Sometimes just being pretty is not enough.
For me it is more about her personality vs looks.
Or, it could be that you are attracting or attracted to guys that are only interested in getting laid vs having a relationship, or a combination of both.Being attractive doesn't automatically equate to being pursued, a womans demeanor and body language matter as well,
if your on your phone, always looking at the floor, earbuds in people will assume your being antisocial,
if you want people to talk to you, you have to be welcoming not stand off ishThe way you dress or how you do your makeup and hair, may come off as "hit it and quit it"

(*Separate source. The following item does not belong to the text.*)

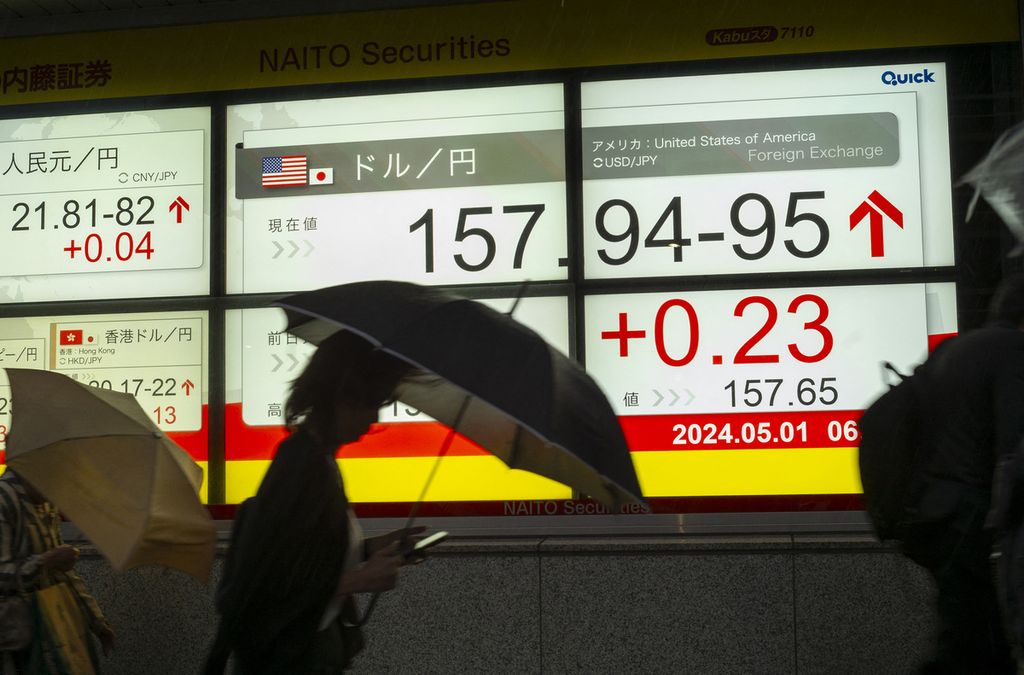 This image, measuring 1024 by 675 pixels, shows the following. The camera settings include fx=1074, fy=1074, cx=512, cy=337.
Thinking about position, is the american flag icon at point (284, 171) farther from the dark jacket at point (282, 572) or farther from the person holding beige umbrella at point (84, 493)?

I'd have to see a pic though because many chics on here say they get compliments on looks or they KNOW they're hot, but not getting any guys to approach. I see their pics and they are barely above average. Send me a DM and I'll be BRUTALLY FUUUCKIN HONEST if it's your looks.
Show me what you wear on a casual day too
Guys today are only looking for one thing. That is the woman who is easily persuaded to go to bed with him. You probably don't look like the easy type.
Guys might not like your football shaped head and your big eyes. Lmao 🤣 🤣. I'm only kidding.I wouldn't be disturbed, with the rise of social anxiety men are less likely to ask women out. Men take rejection hard so many won't take the risk.
Often the people that give lots of compliments give them to LOTS of people. They want attention and sex.
Do you have a past of casual sex? If you do, that can keep most good guys away regardless of your physical looks.